AWS Lambda eliminates most of the problems you experience when you manage your own servers such as:
- Scaling
- Capacity utilization
- Operation system-language updates
- Metrics or logging
In this blog, we will highlight the logging aspect of AWS Lambda service on a high level.
AWS Lambda uses AWS CloudWatch for logging purposes. All log statements or exceptions
that your functions throw are written to AWS CloudWatch. On CloudWatch, you can create
a metric alarm which can send an SNS message whenever the metric value reaches the
threshold you defined.
For AWS Lambda, there are four types of metrics; Invocations, Errors, Duration, and
Throttles. You can find more information about Lambda metric alarms here.
In this blog, we will focus on “error” metrics, which is triggered by events such as:
- Handled exceptions (e.g., context.fail(error))
- Unhandled exceptions causing the code to exit
- Out of memory exceptions
- Timeouts
- Permissions errors
Now, let’s see what problems we face at OpsGenie when monitoring our own Lambda
functions.
Of course, the goal is to get notified with actionable information whenever an error occurs in
the Lambda functions, which are monitored as carefully as our servers. However, when
monitoring our Lambda functions we faced the following issues:
Issue 1: Creation of necessary alarms. When you create a new Lambda function, no alarms
are generated by default. We needed a way to create alarms automatically with the right
metrics.
Issue 2: No actionable data. When an “error” metric alarm is triggered, a message is sent to
an SNS topic. If you use CloudWatch to get the data sent to you in the SNS message, this
does not help since there is not enough explanation on the exception’s root cause. We only
get the alarm’s name, description, state history, and metric information from these
messages. There is no indication of the real problem, although it exists in the logs.

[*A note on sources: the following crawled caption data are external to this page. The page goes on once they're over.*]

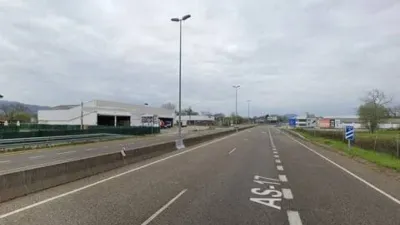 Nave industrial en alquiler en Calle Carr. de La Estacion, 3, La Fresneda-Bobes - Valbona-Viella (Siero) de 7.000 €<span>/mes</span>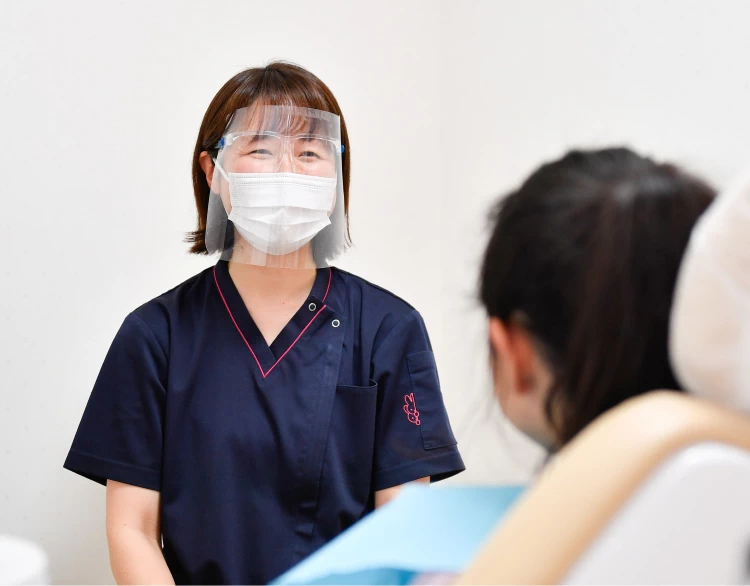優しくお子さまに接する歯科衛生士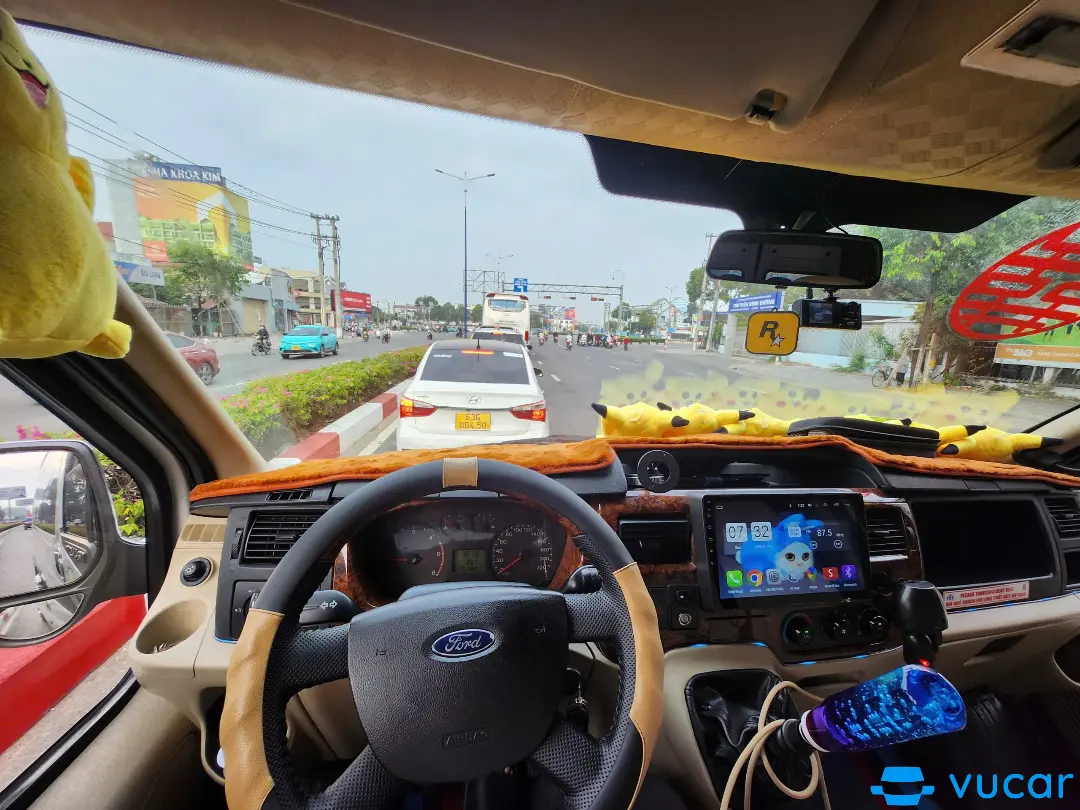 Ford Transit Standard MID 2016 - Nội thất 1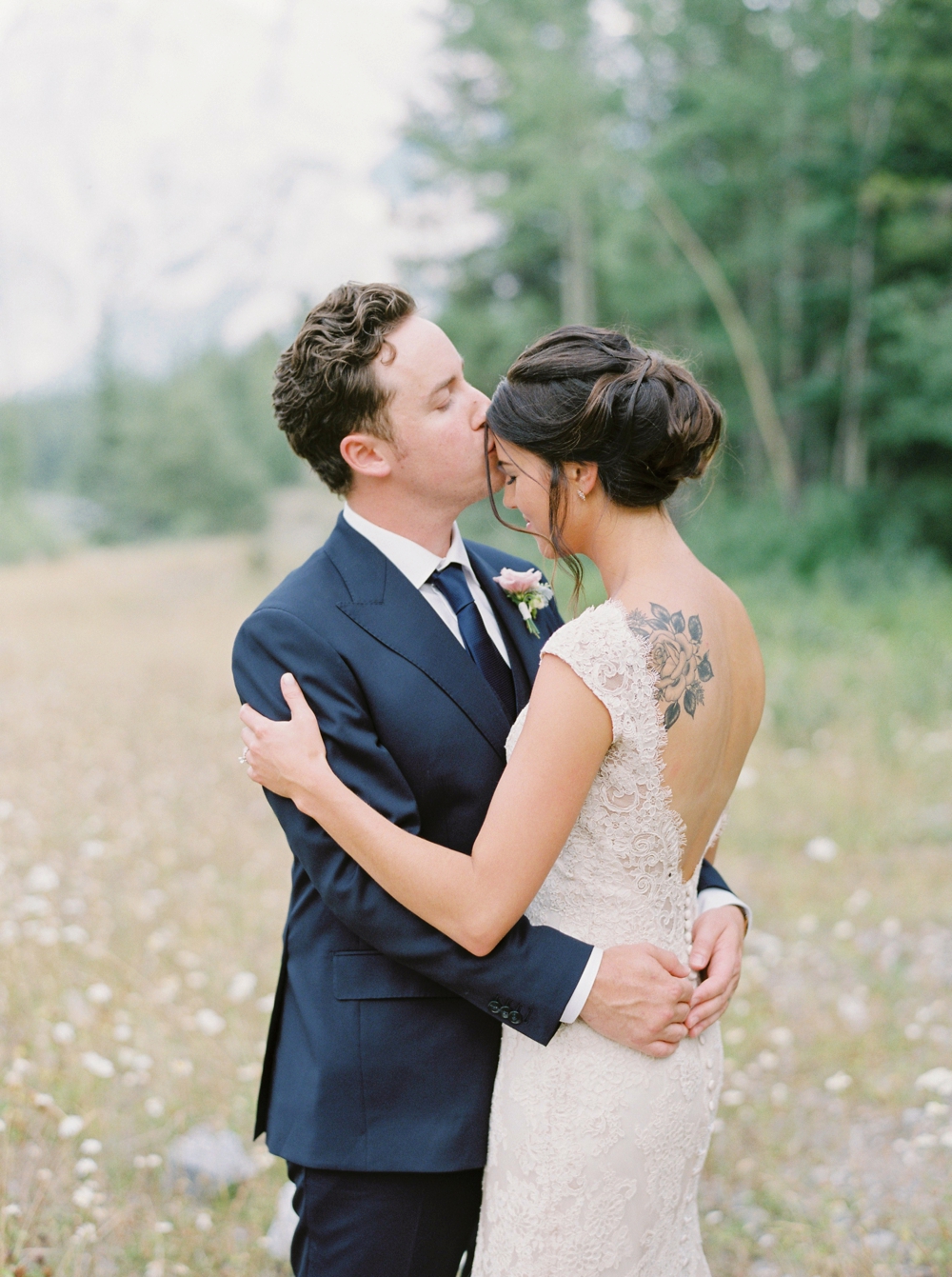 bride and groom portrait | Banff springs wedding photographers | fairmont banff rocky mountain wedding | Justine Milton fine art film Photography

Here are common solutions to the problems, which are satisfying, but we
decided not to use them:
For Issue 1:
a) The creation of CloudWatch Alarms can be done with the deployment of our Lambda function. When we upload the function to AWS, we can create the necessary alarms; however, to reduce the complexity of the codebase we decided to take this out of the deployment processes.

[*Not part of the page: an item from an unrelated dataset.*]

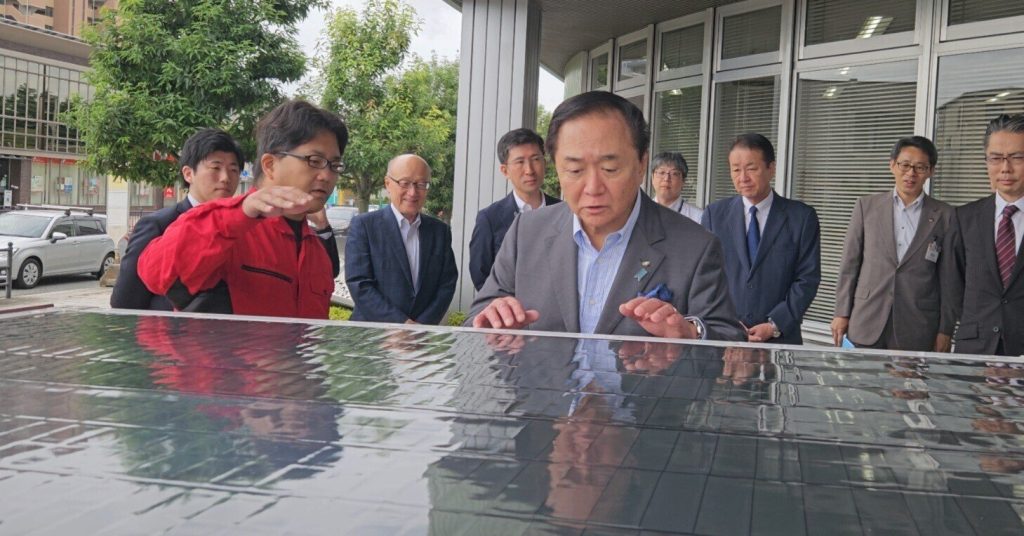 “かながわ発”次世代太陽電池、県有施設で国内初実証へPXPと県が連携協定、脱炭素化を加速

b) Another solution can be to use AWS CloudTrail service which writes API calls to AWS Lambda functions to Amazon S3. We would need to listen to logs from S3, parse and act accordingly at that point. This approach is feasible if in the future, we can get related CloudTrail logs in AWS Lambda. But now it seems unnecessary.
For Issue 2:
a) One way to solve the issue is to use our CloudWatch integration. Although, with this solution we need to see the related logs that could help developers see the real reason behind the problem.

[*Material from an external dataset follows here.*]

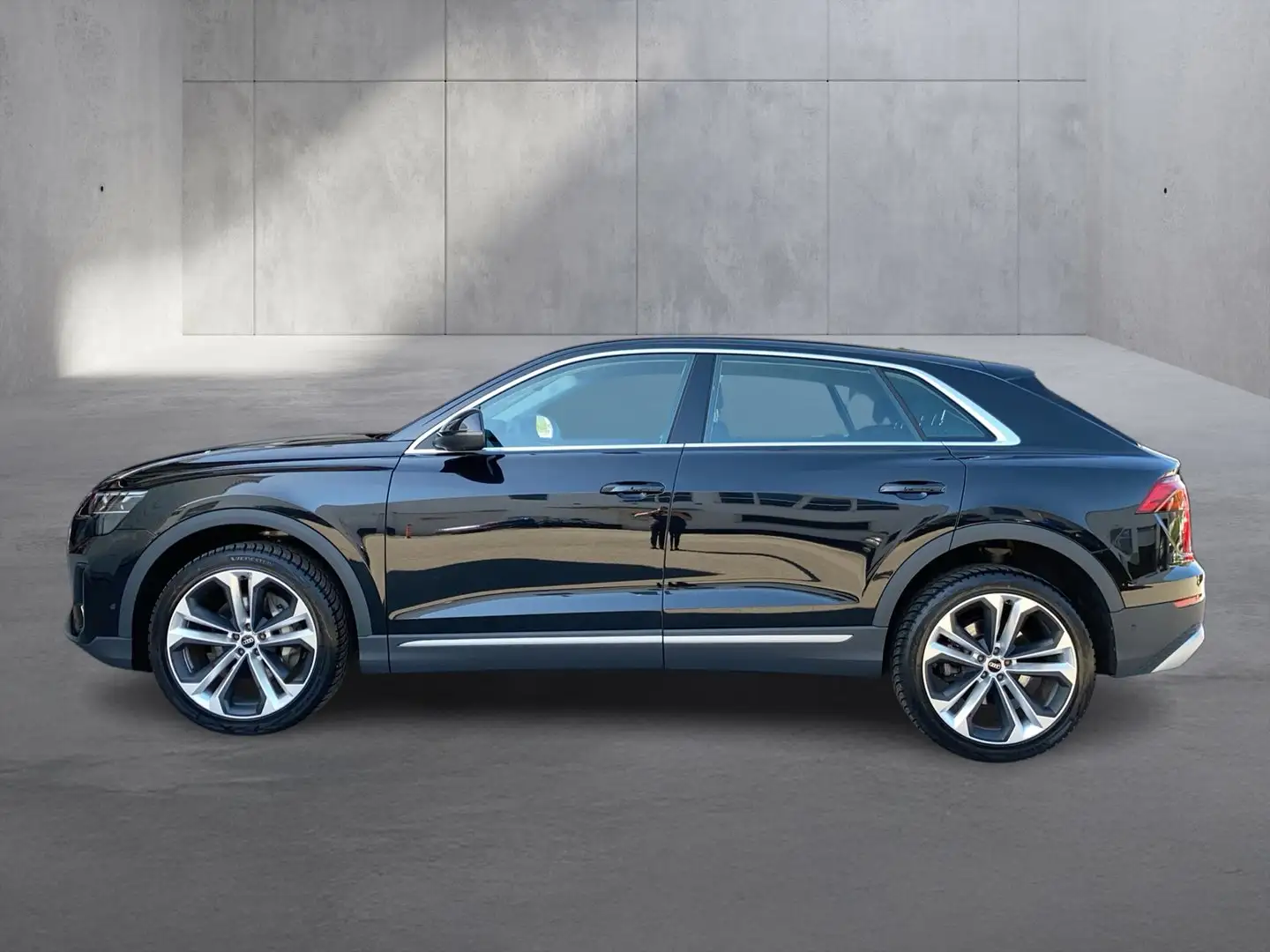 Audi Q8 50 TDI quattro Schwarz - 2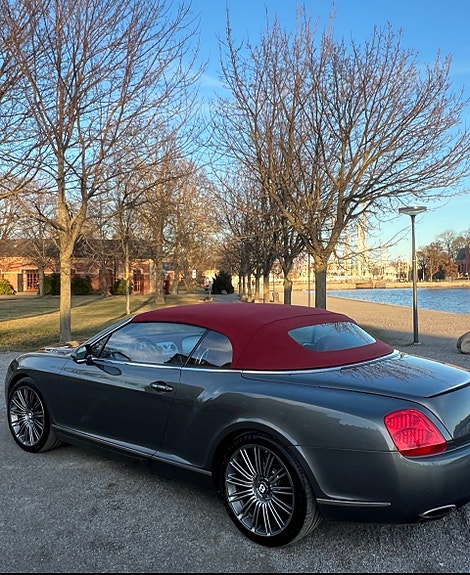 Bentley Continental GTC 3 of 5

b) Another alternative is to create a Lambda function that can query our Lambda functions logs and create an alert if it encounters an error pattern. This function can be executed periodically by using CloudWatch Events - Schedule trigger. Unfortunately, this solution has performance problems as it queries all logs and has the tendency to create redundant alerts or miss the real problems as it only looks for patterns within the logs.
OpsGenie solution to monitor Lambda functions
As stated earlier, here are the two new Lambda functions that we implemented to account for these issues. OpsGenie runs two lambda functions together! Illustrated below are the main building blocks to these problems along with code samples. (The code will be in Java, but it should be a straightforward approach to implement all these in other Lambda supported languages).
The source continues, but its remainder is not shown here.